_REQUIREMENT_: Return the listing exactly. Keep no pictures.

_DATASET CONTENT_:
= Beginning of Section =
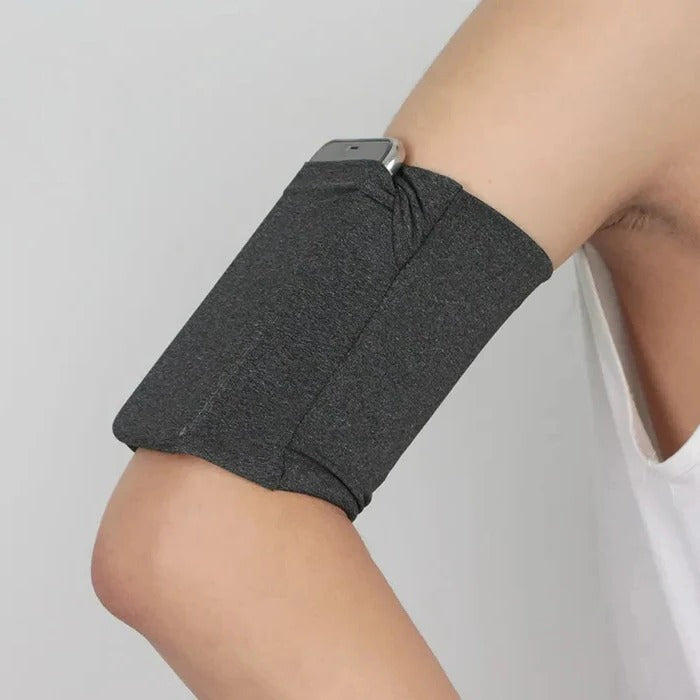 Belro running arm phone bag worn on an athlete's arm, designed for activewear and secure phone storage during exercise.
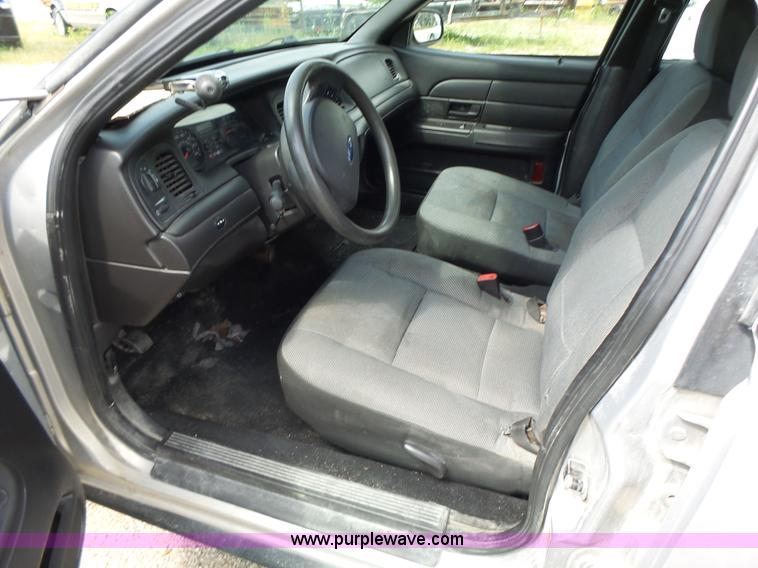 image for item L6162 2010 Ford Crown Victoria Police Interceptor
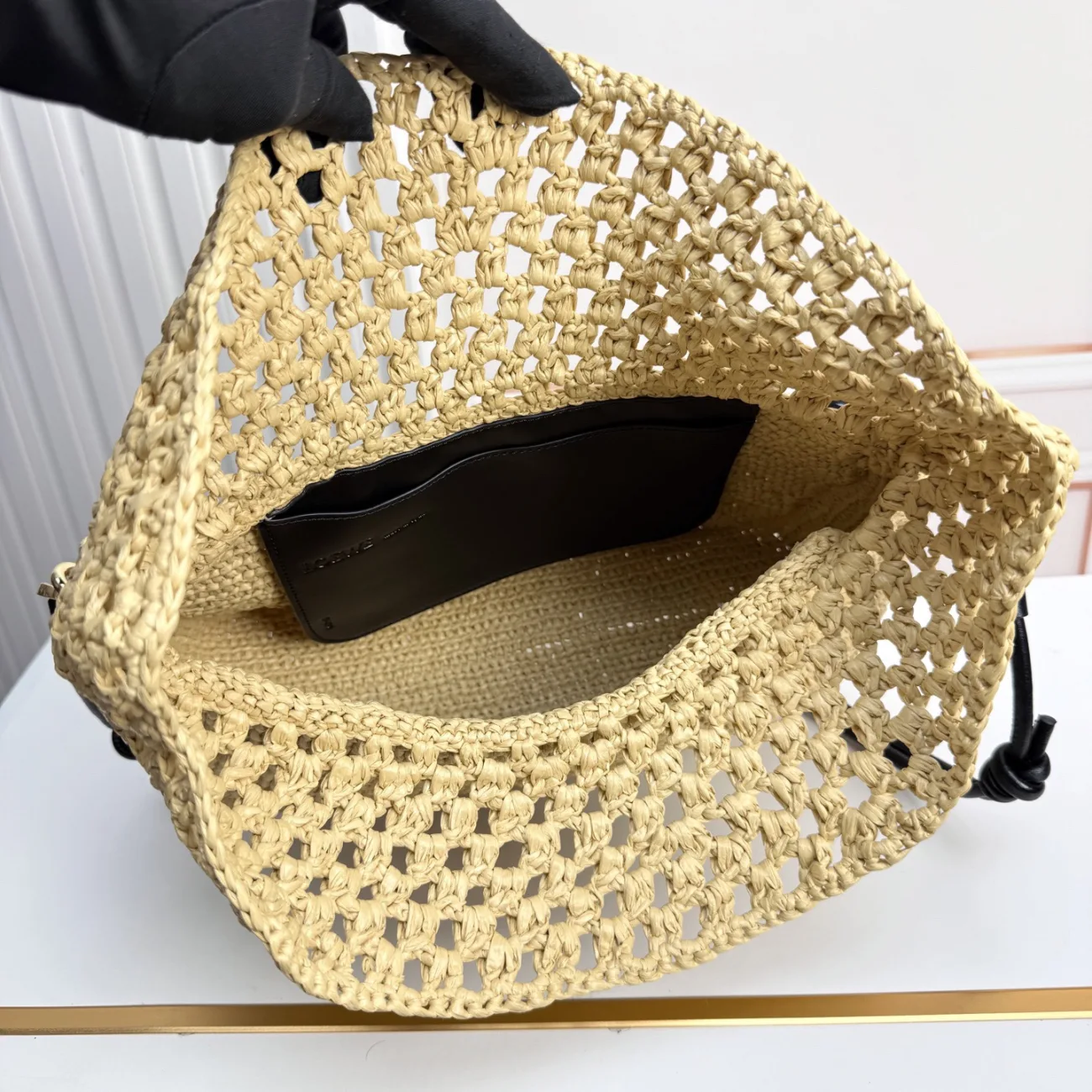 Loewe Medium Ola bag in raffia (7A regular version)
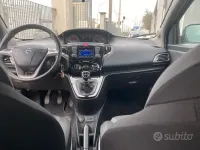 Usata Lancia Ypsilon Platinum 69 CV (50 kW) 2017 Nero Utilitaria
= End of Section =
_OUTPUT OF THE TASK_:
 Belro running arm phone bag worn on an athlete's arm, designed for activewear and secure phone storage during exercise.
 image for item L6162 2010 Ford Crown Victoria Police Interceptor
 Loewe Medium Ola bag in raffia (7A regular version)
 Usata Lancia Ypsilon Platinum 69 CV (50 kW) 2017 Nero Utilitaria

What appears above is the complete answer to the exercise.